Angelo scoots out of bed and walks around to my side. I squeal as he scoops me up and playfully tosses me over his shoulder. Carrying me to the bathroom, he deposits me on my feet, turning on the shower.
“Your bathroom is no longer organized within an inch of its life. How does that make you feel?” I say in my best therapist voice. My things are haphazardly tossed on the counter and in the shower; his few items are all lined up in a neat and orderly row.
“That his and her vanities will serve us best,” he announces with a thinly veiled grimace, and I giggle.
“You need more bronzer,” Alessandra decides, dusting more on my exposed chest with a brush.

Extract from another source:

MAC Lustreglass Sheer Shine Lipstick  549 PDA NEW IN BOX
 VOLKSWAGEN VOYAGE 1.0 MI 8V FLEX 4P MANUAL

I blink rapidly, trying to get used to the feel of contacts as I examine myself in the mirror. My face is hidden beneath a full mask. My hair, covered with a black wig. My gown, floor length, hides my outrageously tall chunky platform boots. My breasts and hips, smooshed and wrapped like a mummy.
“What do you think? Am I Alessandra-coded?” I say in my best imitation of an Italian meets sort of Cajun, sort of Southern accent.
“Is that how I sound?” Alessandra wonders, moving the brush to the top of my pale hands.
“My best shot at it. Why? No good?”
“It’s not that. It’s just I didn’t realize I sounded so damn cornbread.” She blanches.
“Things between your brothers sound complicated,” I say gently.
“Complicated.” She snorts. “That’s one way to put it.”
“It may not look like it from where you’re standing, but Angelo really is trying his best.”
“Maybe I’ll whack them both and take over the family.” She tosses the brush in her makeup bag. “That’d be a hell of a plot twist.”
“I can’t tell if you’re joking.”
Alessandra shrugs.
“Sometimes you kind of freak me out,” I admit.
“Thanks,” she says.
“Um, yeah. Well, I’m going to steal the mayor’s phone and stay out of the Mississippi. Watch Nola for me, will you?”
“You got it. We’ll serial killer documentary and chill.”
“That’s not what Nola needs, getting any ideas,” I warn.
“She left a dead mouse on the back door yesterday; I’d say she already has ideas,” Alessandra informs me.
“That’s different,” I argue. “She’s not?—”
“Killing for sport? She toyed with the mouse for like an hour before she killed it.”
“No serial killer documentaries for Nola,” I say firmly. The rest, I’m not going to think about as I walk down the hallway in search of Angelo.
“I’m ready, your majesty,” I tell him with a little curtsey. “And you,” I say, picking up Nola and giving her a cuddle. “You wouldn’t torture a mouse, would you?”
“Plead the Fifth, Nola,” Angelo advises.
Maks appears, and he gets me wired and camera’ed up. “No duke man,” he reminds me.